• _What this task involves_
Reproduce word for word every line from the one containing "top 10 nature hashtags on TikTok" to the final line of the data below; omit the pictures.

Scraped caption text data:

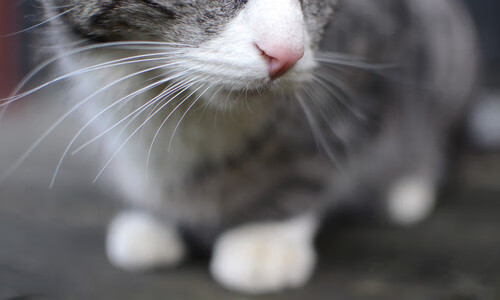 恩多比·恩乔：南非队的进攻枢纽，关键时刻的“进球机器”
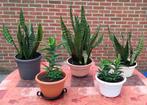 Set van 5 levende groene planten, 2025, Ophalen, Vetplant, Halfschaduw, In pot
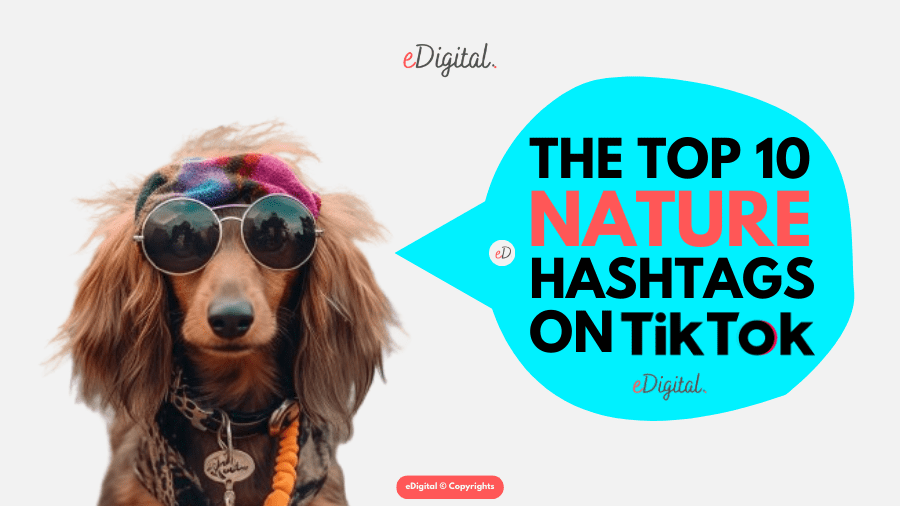 top 10 nature hashtags on TikTok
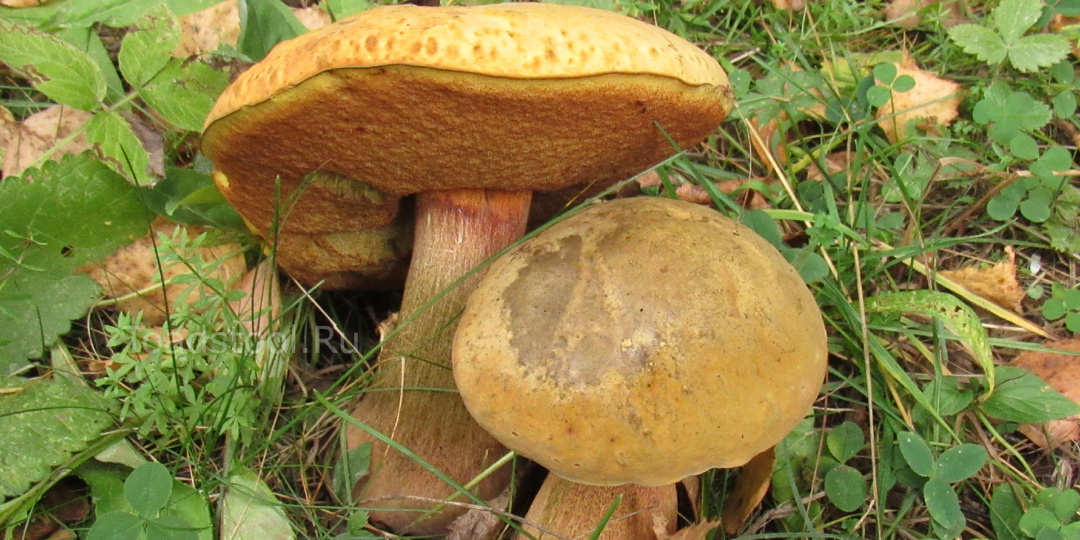 "Факир был пьян, и фокус не удался". Худший грибной кошмар наяву!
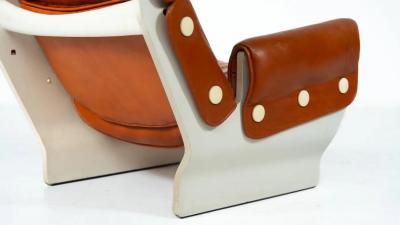 Canada P110 Armchair by Osvaldo Borsani for Tecno 1960s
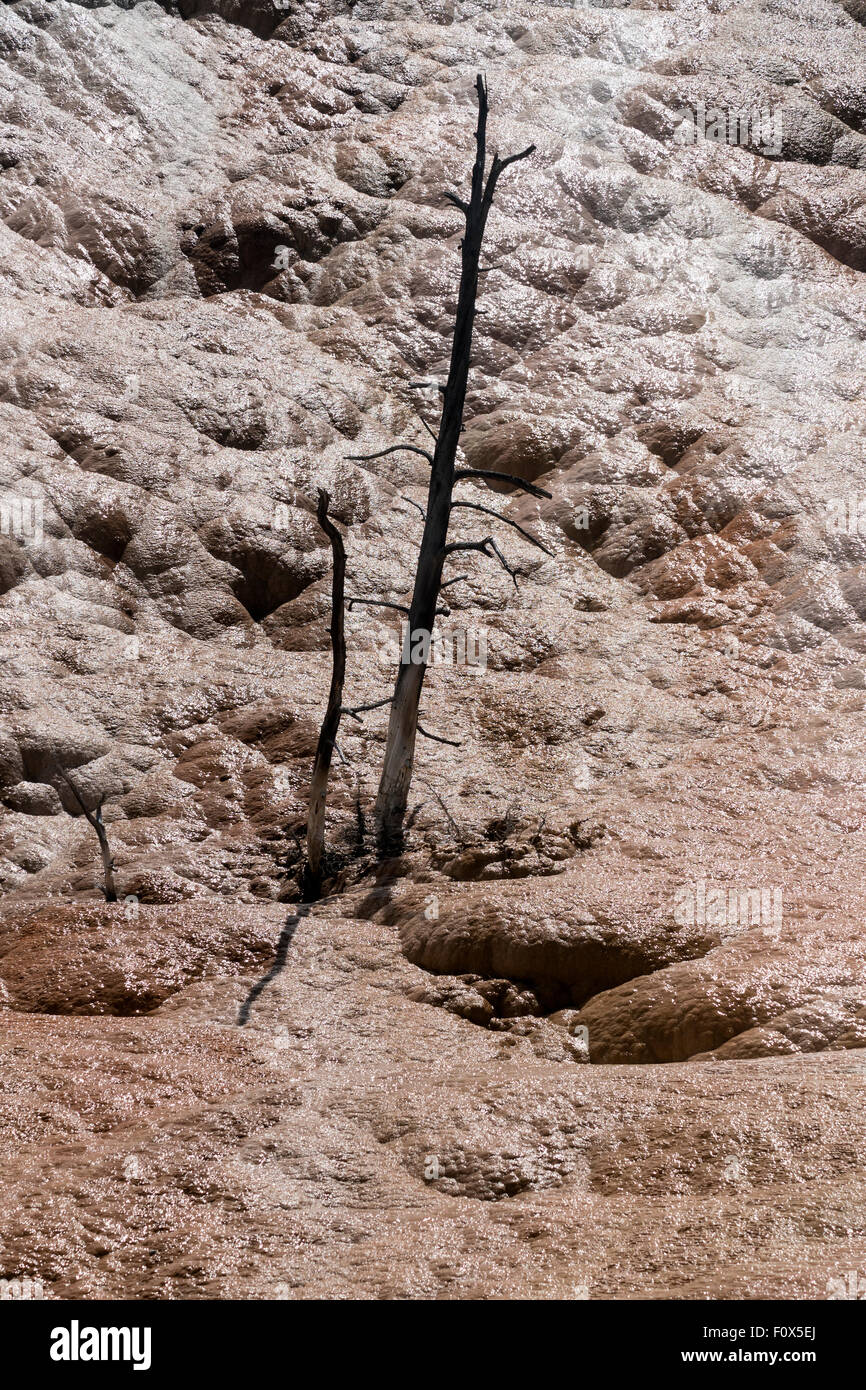 Particolare della terrazza con alberi morti, , Mammoth Hot SpringsYellowstone Parco Nazionale , Wyoming, STATI UNITI D'AMERICA Foto Stock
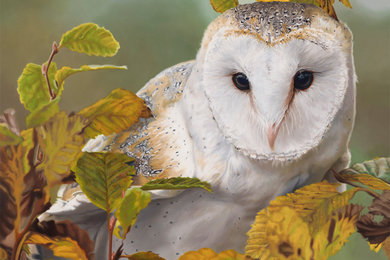 Through the Leaves (Barn Owl)
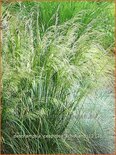 Deschampsia cespitosa 'Schotland'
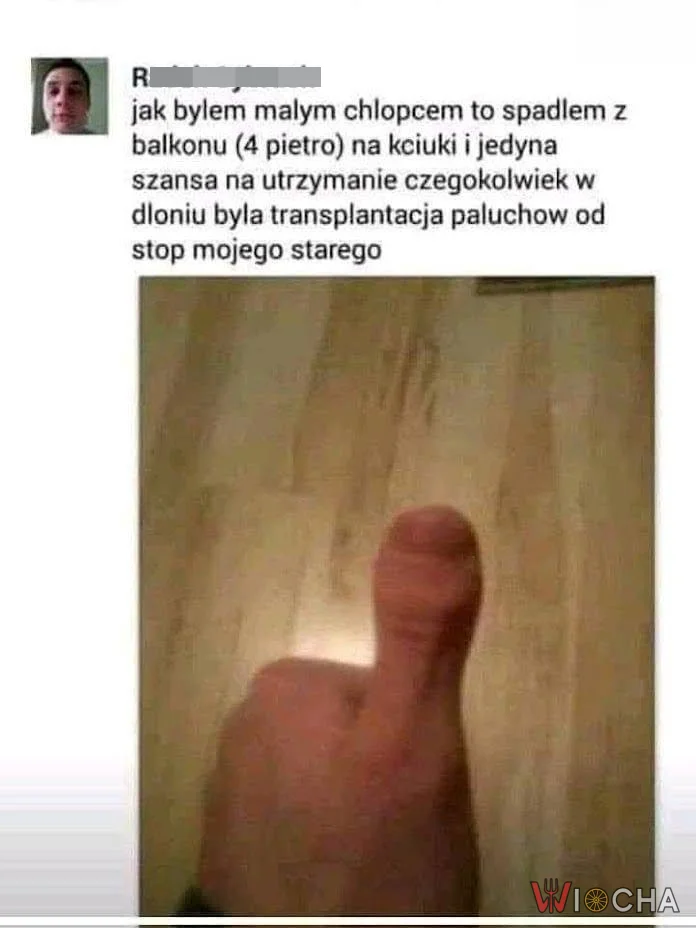 Paluch starego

• _Finished task_
 top 10 nature hashtags on TikTok
 "Факир был пьян, и фокус не удался". Худший грибной кошмар наяву!
 Canada P110 Armchair by Osvaldo Borsani for Tecno 1960s
 Particolare della terrazza con alberi morti, , Mammoth Hot SpringsYellowstone Parco Nazionale , Wyoming, STATI UNITI D'AMERICA Foto Stock
 Through the Leaves (Barn Owl)
 Deschampsia cespitosa 'Schotland'
 Paluch starego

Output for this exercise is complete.